The local banks does not fails to amaze me in their quest of more business. Some of them goes against good common sense. Like trying to sell u a unsecure loan @ low interest rate (3.5% leh) when u no need the cash...

telemarketer: Talk up the loan, you may not know when u need the cash!

Me: Huh? I will call you when I need the loan. Tell me why i should pay u interest on somthing i dun need anyway?

telemarketer: but interest is low... you can afford, like SGD 50 for 6 months.

I hang up on him.

Victor said...

Hi anonymous. Btw, are you anonymous1, anonymous2, or both? :) So sorry if I got all of you mixed up. Thanks for all your comments.

Yes, the point of my post is that some of these 'mistakes' may not be genuine or unintentional after all. Looking at the facts, they could be part of a well-planned business survival strategy in a very competitive market environment. But fortunately, nowadays most consumers are well-educated and well-informed. They will not hesitate to boycott the merchants or even cry foul if the situation calls for it.

You may not need the cash, but I believe that the guy who's promoting the loan obviously needs it badly (in terms of commission which he will earn should he sell you the loan successfully).

Lam Chun See said...

Some years ago, I received a letter from a reputable credit card co. addressed to my late father offering him a gold card. The letter basically said this; "Dear Mr Lam, a successful person of your reputation and status blah blah blah ... shd have our gold card.

Trouble is; my father, who was in his 80's, had not worked for 30 years, after being retrenched from the British Naval Base. In fact he was bed-ridden from a stroke, and could not even eat on his own, let alone, 'leave home without it'.

Chris said...

I'm not trying to stir up ill feelings or anything. I still prefer the POSB of yore. That was truly a People's Bank. It never should have been sold.

Anonymous said...

http://www.todayonline.com/articles/102468.asp
http://www.channelnewsasia.com/stor.../194312/1/.html

mTouche has received its deserved punishment!

Victor said...

Agree that mTouche deserved it. And just like the NKF saga, there may be more to come - besides suspending mTouche's license for 6 months, IDA is already investigating it for possible fraud and breach of confidentiality by giving out our numbers to a third party.

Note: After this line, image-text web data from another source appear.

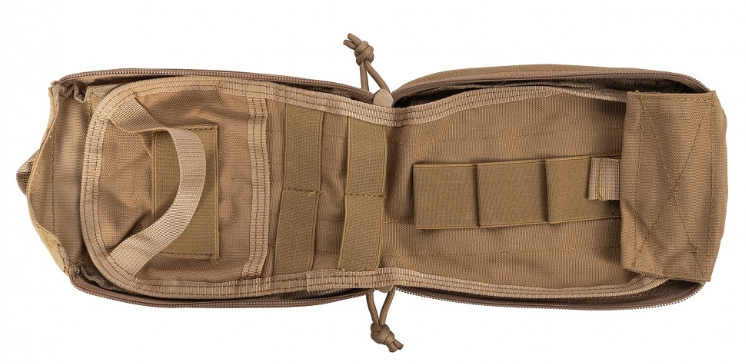 Remington Cумка для медикаментов Remington Tactical Medical Bag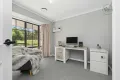 Property photo of 9 Morris Place Strathfieldsaye VIC 3551
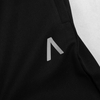 avando-track-pants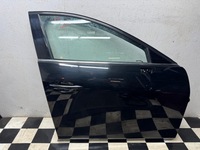 фото thumb №11, Двері правий перед mazda 3 iv bp 2019-2025 41w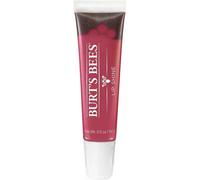 Pucker Lip Shine 0,5 Oz Di Burts Bees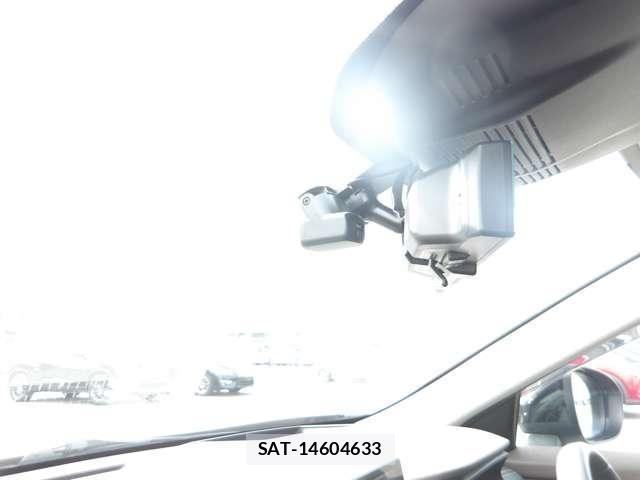 Nissan X-TRAIL HYBRID 2023-04 6528142-28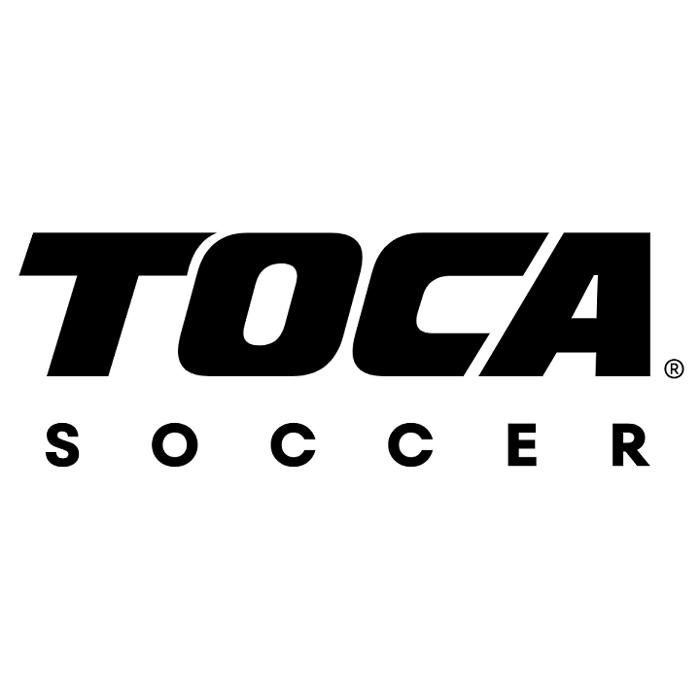 TOCA Soccer and Sports Center Toledo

Evan, when you said chubbyhubby, I thought you were refering to your husband, LOL. Visited his site. I would say that he blends his passion for food with his skills in photography and writing very well indeed. Thanks for the link.

Zaini said...

The devil who spoil all SMS business in Malaysia is a company called zingmobile. Another Singaporean called mtouche. Shame on the Singaporean. They are the extreme spammer and scammer cheating money in Singapore and Malaysia. The company zingmobile.net change name several times to Parade9 Sdn Bhd and Mega Mobile Solutions Sdn Bhd. Hide themselves in Johor Address: 801-B, Floor 8, City Plaza, Jln Tebrau, Johor Bahru. SMS short code 33303, 36885, 32699. 2 years ago they charges RM10/SMS for subscription service and spam RM200-RM300 per month per victim falling into their trap using misleading advertisement. They ran away from Malaysia after being punished. Recently they are back to cheat users using different company name. Latest scam is they charges RM4/content 3 times a week. They hide the service instruction and pricing information at the bottom of advertisement which is illegal. Jeff Ooi if so smart why not catch this father of all criminal here instead of simply accuse the innocent.